The Pretty Bad Privacy encryption tool can be used to insecurely encrypt files to a 512-bit ElGamal public key using 128-bit AES.

The pdf file for your next homework assignment has been encrypted using PBP to this ElGamal public key.

The encrypted file is available here. Your task is to use the attack described in this paper by van Oorschot and Wiener to compute the discrete log of the public key and use it to decrypt the homework so you can do the rest of the problems. This is a real vulnerability when implementations don't generate primes carefully: your professor has published a paper where we used this exact attack to compromise several hundred hosts on the Internet. (See Section 3.5, "Attacks on composite-order subgroups".)

The following steps may be helpful:

- Install Sage and get it working. Anaconda may come in handy if you run into package issues.
- Implement a brute force discrete log algorithm. Your function should take a generator g, a prime p, a target t, and a subgroup order q, and brute force all possible exponents until it finds an x such that g^x = t mod p, when g generates a subgroup of order q mod p.
- Implement Pollard rho or baby step-giant step. Your function should take a generator g, a prime p, a target t, and a subgroup order q, and in expected time sqrt(q) output x such that g^x = t mod p.
- Implement the Chinese remainder theorem. Your function should take a list of pairs (xi,pi) of residues xi and primes pi and output a z such that z = xi mod pi for each pi.
- Use your functions above to implement the Pohlig-Hellman algorithm when the prime factorization of the group order is known.
- Factor p-1 for the public key (you can use Sage's factor() function or any other computer algebra package or implementation you like) and identify a subgroup with the properties that (1) you can efficiently compute discrete logs in this subgroup (2) the order of your subgroup is large enough that you can uniquely recover a private key as short as PBP uses.
- Use your Pohlig-Hellman implementation to recover the private key, and then use the private key to decrypt the ciphertext. You can use our code to generate your own keys with known private keys and plaintext to test your implementation.
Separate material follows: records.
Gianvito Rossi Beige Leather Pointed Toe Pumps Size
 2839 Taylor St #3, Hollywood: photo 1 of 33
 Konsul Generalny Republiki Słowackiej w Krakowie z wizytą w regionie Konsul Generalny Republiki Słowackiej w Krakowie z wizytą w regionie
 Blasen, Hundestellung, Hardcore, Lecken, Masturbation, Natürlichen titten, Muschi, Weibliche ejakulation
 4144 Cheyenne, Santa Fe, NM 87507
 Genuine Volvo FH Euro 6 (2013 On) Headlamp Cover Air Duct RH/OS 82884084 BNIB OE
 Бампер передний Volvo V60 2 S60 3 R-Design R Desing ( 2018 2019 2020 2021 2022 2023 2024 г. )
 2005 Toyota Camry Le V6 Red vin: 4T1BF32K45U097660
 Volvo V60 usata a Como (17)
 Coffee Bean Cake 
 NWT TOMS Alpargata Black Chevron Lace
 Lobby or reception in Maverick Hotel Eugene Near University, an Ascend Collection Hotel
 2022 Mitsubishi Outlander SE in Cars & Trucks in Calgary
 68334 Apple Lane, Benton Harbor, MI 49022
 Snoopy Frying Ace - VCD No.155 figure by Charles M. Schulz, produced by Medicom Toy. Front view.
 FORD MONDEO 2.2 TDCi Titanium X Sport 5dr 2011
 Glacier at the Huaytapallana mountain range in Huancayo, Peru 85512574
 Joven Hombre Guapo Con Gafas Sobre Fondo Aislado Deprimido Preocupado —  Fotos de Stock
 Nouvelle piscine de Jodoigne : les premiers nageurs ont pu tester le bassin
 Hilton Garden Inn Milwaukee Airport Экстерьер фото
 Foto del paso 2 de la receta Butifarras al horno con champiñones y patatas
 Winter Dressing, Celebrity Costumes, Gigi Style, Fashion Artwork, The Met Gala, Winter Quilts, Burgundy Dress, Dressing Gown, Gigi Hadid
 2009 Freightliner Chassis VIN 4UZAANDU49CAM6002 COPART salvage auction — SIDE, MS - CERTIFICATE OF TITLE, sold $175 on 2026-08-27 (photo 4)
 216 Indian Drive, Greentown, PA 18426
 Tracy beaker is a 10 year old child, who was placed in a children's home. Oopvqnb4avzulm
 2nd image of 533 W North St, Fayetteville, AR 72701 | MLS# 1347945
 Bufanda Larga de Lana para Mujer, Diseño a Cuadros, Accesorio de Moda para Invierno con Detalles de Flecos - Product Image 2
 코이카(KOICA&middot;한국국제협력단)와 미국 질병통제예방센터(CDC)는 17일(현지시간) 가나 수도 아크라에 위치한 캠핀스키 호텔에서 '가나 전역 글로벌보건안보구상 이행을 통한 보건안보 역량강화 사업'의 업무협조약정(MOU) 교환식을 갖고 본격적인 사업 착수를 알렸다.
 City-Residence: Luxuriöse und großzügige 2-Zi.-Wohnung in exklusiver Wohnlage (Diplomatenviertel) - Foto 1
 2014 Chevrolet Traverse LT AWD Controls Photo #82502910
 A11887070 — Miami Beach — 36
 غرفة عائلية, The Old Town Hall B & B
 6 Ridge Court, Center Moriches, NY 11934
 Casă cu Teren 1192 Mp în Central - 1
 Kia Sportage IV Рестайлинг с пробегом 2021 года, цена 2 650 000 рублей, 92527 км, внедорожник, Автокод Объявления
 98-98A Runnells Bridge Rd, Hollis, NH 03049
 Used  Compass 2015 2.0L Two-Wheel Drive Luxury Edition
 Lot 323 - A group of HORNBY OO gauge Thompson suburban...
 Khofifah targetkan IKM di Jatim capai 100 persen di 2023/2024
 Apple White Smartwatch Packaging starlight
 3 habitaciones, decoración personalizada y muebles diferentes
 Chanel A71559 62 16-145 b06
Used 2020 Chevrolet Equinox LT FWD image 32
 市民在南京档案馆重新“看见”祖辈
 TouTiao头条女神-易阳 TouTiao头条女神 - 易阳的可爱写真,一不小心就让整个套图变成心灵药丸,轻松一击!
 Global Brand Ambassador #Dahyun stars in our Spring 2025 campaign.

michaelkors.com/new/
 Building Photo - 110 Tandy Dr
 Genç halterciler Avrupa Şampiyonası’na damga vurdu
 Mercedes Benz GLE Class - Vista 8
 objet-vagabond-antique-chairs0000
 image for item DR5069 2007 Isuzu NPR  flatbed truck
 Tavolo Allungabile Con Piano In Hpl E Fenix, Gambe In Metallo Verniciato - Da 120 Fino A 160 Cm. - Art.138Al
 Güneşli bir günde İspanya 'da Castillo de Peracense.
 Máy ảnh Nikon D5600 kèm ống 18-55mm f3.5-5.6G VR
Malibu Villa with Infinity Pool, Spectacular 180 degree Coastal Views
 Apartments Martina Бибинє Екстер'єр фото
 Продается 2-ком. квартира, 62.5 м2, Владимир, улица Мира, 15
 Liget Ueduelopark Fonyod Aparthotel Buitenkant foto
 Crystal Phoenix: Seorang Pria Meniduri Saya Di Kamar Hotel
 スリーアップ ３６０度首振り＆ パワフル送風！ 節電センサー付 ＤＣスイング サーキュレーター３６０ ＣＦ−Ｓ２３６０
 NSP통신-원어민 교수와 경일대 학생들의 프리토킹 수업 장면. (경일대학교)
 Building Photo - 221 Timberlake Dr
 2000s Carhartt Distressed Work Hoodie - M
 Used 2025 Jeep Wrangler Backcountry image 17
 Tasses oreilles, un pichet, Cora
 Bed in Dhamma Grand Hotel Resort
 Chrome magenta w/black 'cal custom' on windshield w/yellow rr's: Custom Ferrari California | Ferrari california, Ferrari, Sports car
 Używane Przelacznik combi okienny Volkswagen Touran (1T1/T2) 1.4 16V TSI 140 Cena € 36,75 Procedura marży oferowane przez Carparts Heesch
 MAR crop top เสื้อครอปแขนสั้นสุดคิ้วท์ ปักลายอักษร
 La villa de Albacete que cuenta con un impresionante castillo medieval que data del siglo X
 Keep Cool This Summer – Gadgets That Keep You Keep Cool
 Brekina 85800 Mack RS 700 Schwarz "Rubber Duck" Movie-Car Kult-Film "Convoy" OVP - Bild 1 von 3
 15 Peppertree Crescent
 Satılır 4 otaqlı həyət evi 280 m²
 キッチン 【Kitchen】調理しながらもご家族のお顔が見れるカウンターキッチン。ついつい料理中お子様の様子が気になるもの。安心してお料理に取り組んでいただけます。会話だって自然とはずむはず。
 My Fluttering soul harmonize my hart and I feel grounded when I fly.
Please implement your own discrete log algorithms. You do not need to implement your own factoring algorithm. The code used to encrypt the homework is here. It uses Sage for mathematical calculations and PyCryptodome for symmmetric encryption.

You may discuss this assignment in small groups with classmates, but please code and write up your solutions yourself. Please credit any collaborators you discussed with and any references you used.

- Python3 solver script named "hw5-sol.py." string.
- LaTeX typed answer PDF called "hw5-solutions.pdf"

The autograder...

- ... runs your script on a Ubuntu 22.04 Docker image
- ... has a 10 minute time limit and resource constrained (0.5 vCPU, 0.75 RAM)
- ... runs your code in a directory which contains an encrypted file named as "hw5.pdf.enc.asc"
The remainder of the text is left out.